L’Homme qui voulait tuer l’empereur (expansion d’une novella parue dans Bifrost 32) est présenté comme la suite de La Voie du sabre, mais s’il partage le même univers (trente-trois ans après) que le roman éponyme, il a en fait tout du roman indépendant. Et ce d’autant plus qu’il y est bien plus question d’arpenter la voie de la vengeance et de l’arc que celle du sabre. Ceci pourrait ne relever que de la péroraison si ce second tome, dans le Japon fantasmé par Thomas Day, gardait la très grande qualité du premier. Las, il en va autrement.
Daigoro est un puissant seigneur qui, pour son plus grand malheur, a une superbe concubine, Reiko. L’empereur-dragon, qui vient de perdre sa fille, cherche une compagne pouvant lui donner un nouvel enfant, et jette son dévolu sur la jeune femme. Quand Daigoro refuse de s’en séparer, l’Empereur fait tuer ses deux enfants, sa femme enceinte, et assiège sa forteresse. Durant le siège, Reiko est tuée, et son corps possédé par un puissant démon du feu. Celui-ci va fournir au samouraï déchu les moyens d’assouvir sa vengeance, en ouvrant toute grande la porte des Enfers, lui permettant ainsi, peut-être, d’atteindre le souverain au cœur de son palais et de l’assassiner. En plus de sa concubine possédée, Daigoro pourra compter sur l’appui d’un truculent français, Bertrand, à la recherche de ce que, dans le film Highlander, on appelait un Tolède salamanque. Ce qui n’est d’ailleurs pas le seul clin d’œil, puisque le dialogue p. 189 est du Gladiator dans le texte et qu’on croise un hollandais nommé… Pieter de Vries !

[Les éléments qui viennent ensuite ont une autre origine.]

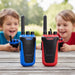 Two children holding toy walkie-talkies are smiling in the background behind two larger walkie-talkies standing on a wooden table. The walkie-talkies are blue and red with black antennas and black front panels.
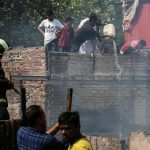 Gli abitanti delle capanne aiutano i vigili del fuoco locali a spegnere l'incendio che ha distrutto la baraccopoli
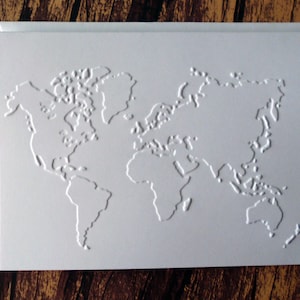 May include: A white card with an embossed world map design.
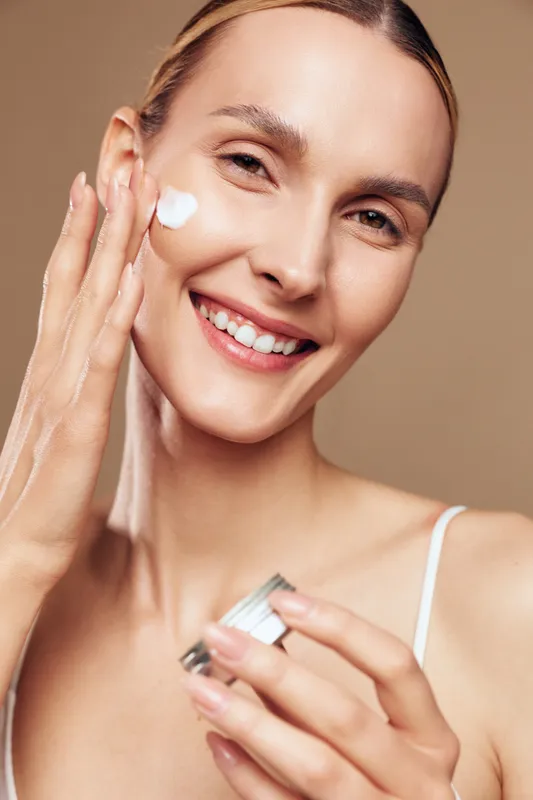 Smiling woman applies moisturizer cream on face with fingers holding jar skincare beauty routine natural skin care isolated on beige background closeup portrait.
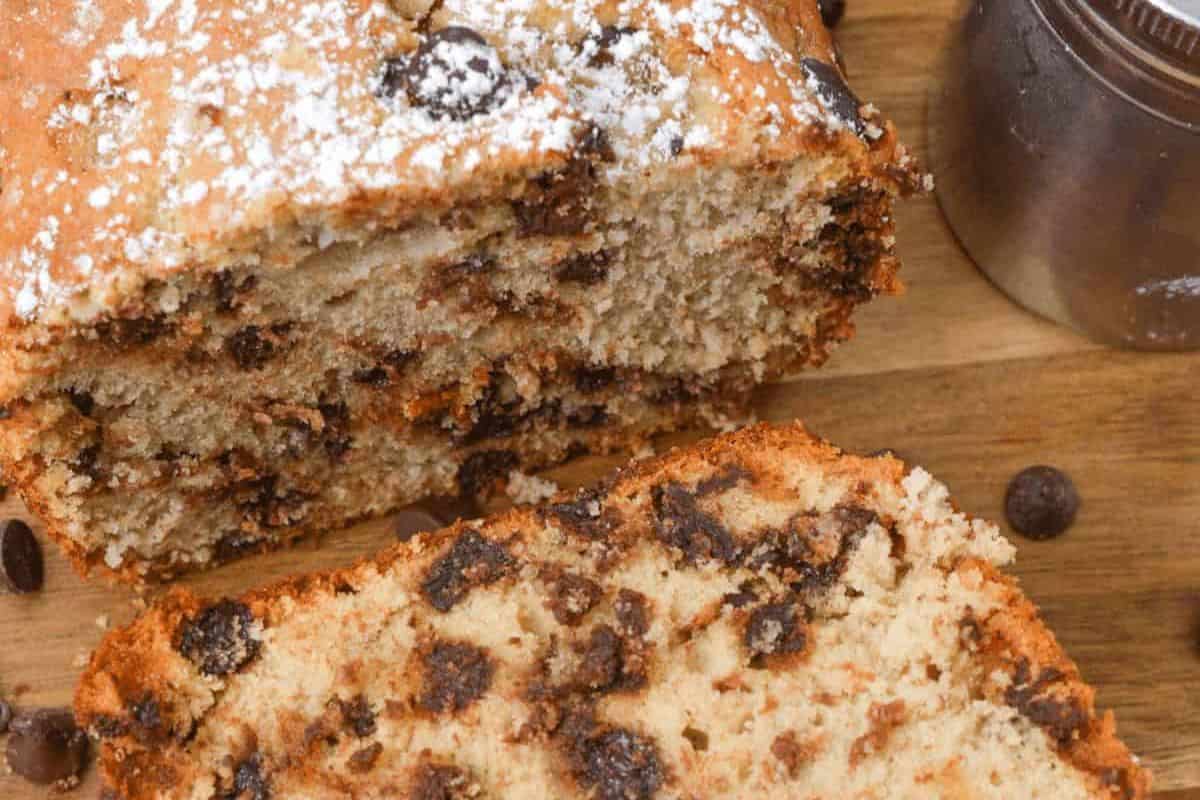 A close-up of a sliced loaf of chocolate chip bread on a wooden surface, sprinkled with chocolate chips and powdered sugar—a must try for anyone who loves quick breads and wants to bake anytime.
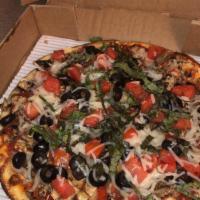 West Coast Vegan Pizza · Thin crust pizza with shaved garlic, mushrooms, tomatoes, olives, daiya vegan cheese and fre...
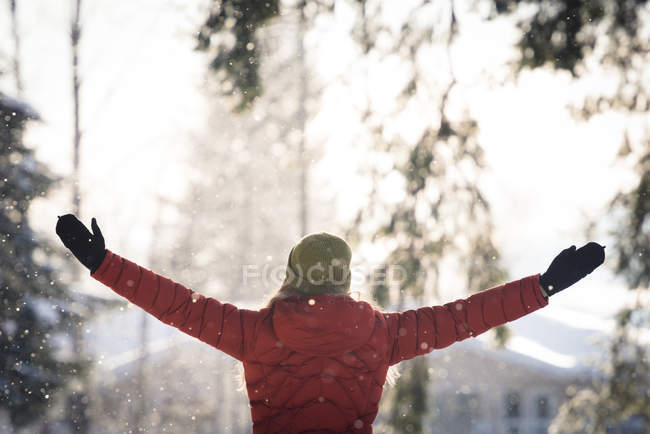 Visão traseira da mulher feliz em pé com os braços estendidos durante a queda de neve — Fotografia de Stock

Ce texte a des défauts intrinsèques (personnages peu attachants sauf à la fin, Reiko effacée d’un trait de plume fort déconcertant, péripéties trop rapides, une apocalypse zombie déjà vue cent fois, scènes de sexe racoleuses), mais souffre surtout de la comparaison avec La Voie du sabre, chef-d’œuvre d’un Thomas Day en état de grâce. Le verbe reste fluide et plaisant, mais de tout ce qui faisait le sel de La Voie…, plus aucune trace. Histoire banale de vengeance, ce roman n’a rien du charme raffiné de son prédécesseur, se contentant d’être une suite de scènes de sexe et de combats insipides, menées par des personnages basiques et en grande partie indifférents aux événements. Seul un aspect mythologique érudit et fascinant le sauve du complet naufrage.
La triste conclusion reste que si Daigoro voulait tuer l’Empereur, Thomas Day, lui, a fait seppuku à « La Voie du sabre ».